Why Mark Rose, Managing Director of Creativedge Training, thinks line managers need to be better prepared, or better trained, to handle mediation disputes
I always enjoy reports about ‘World’s Best Employers’ or ‘Top 100 Companies who do ‘X, ‘Y’ and ‘Z’ for their staff’. They make for a fascinating read and can often serve as a tremendous inspiration for making changes to my own company and for my staff.
So with this in mind, when I eagerly read Fortune’ s list of World’s Best companies http://fortune.com/best-companies/ my attention was seized by the criteria by which companies were judged: % Women % Minorities # New Graduates Hired # of job openings. Now, don’t get me wrong: I’m not questioning the value of these significant criteria, but when I subsequently read a great article in CITY AM this week on ‘Three myths on what makes the ideal workplace’, I began to wonder whether any of the survey questions sent to companies for these ‘best company’ lists, asks them the less obvious question of how they manage conflict? Yes, conflict. Sound like I’ve thrown a curve ball? Let me explain.
Conflict in the workplace has long been an issue and it’s a big issue. The Chartered Institute of Personnel Development (CIPD) has recently produced the ‘Getting under the skin of workplace conflict report 2015’ and the report found that four in ten (38%) UK employees have apparently reported some form of interpersonal conflict at work in the last year.
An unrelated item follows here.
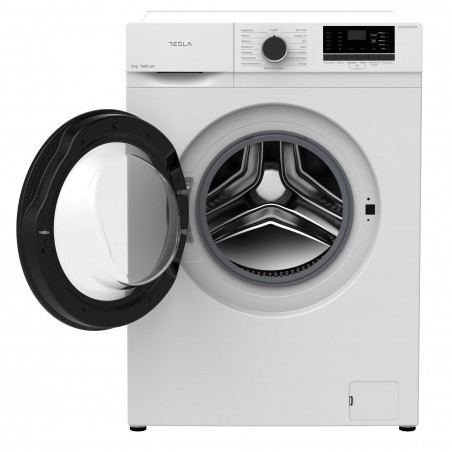 Masina de spalat cu incarcare frontala Tesla WF61030K, 1950W, 6 kg, 1000 rpm, 16 programe, Clasa E, Afisaj LED, Blocare copii, Alb/Negru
This was either as a one-off incident or as a result of an ongoing, challenging relationship.
And so whilst those ‘best places to work’ lists have impressive percentages for # of job openings and # graduate hires, for me it would be fascinating to know how these companies manage and resolve the ‘less obvious’ issue of workplace conflict. Conflict resolution in the business world can mean the difference between really good business and no business, period. In my opinion, a company that recognises and resolves conflict is worthy of being on those ‘Top Companies’ lists because it is a glaringly important issue.
If you look at the CIPD report, it says the outcome to conflict when it’s not handled well, is a drop in staff motivation or commitment. What’s more, in one in ten cases relationships become so unworkable that one of the parties either changes job roles (5%), resigns (4%) or is dismissed (1%). These figures are another example of why workplace conflict management is critical for companies in any sector and of any size and as such, should be paid far more attention.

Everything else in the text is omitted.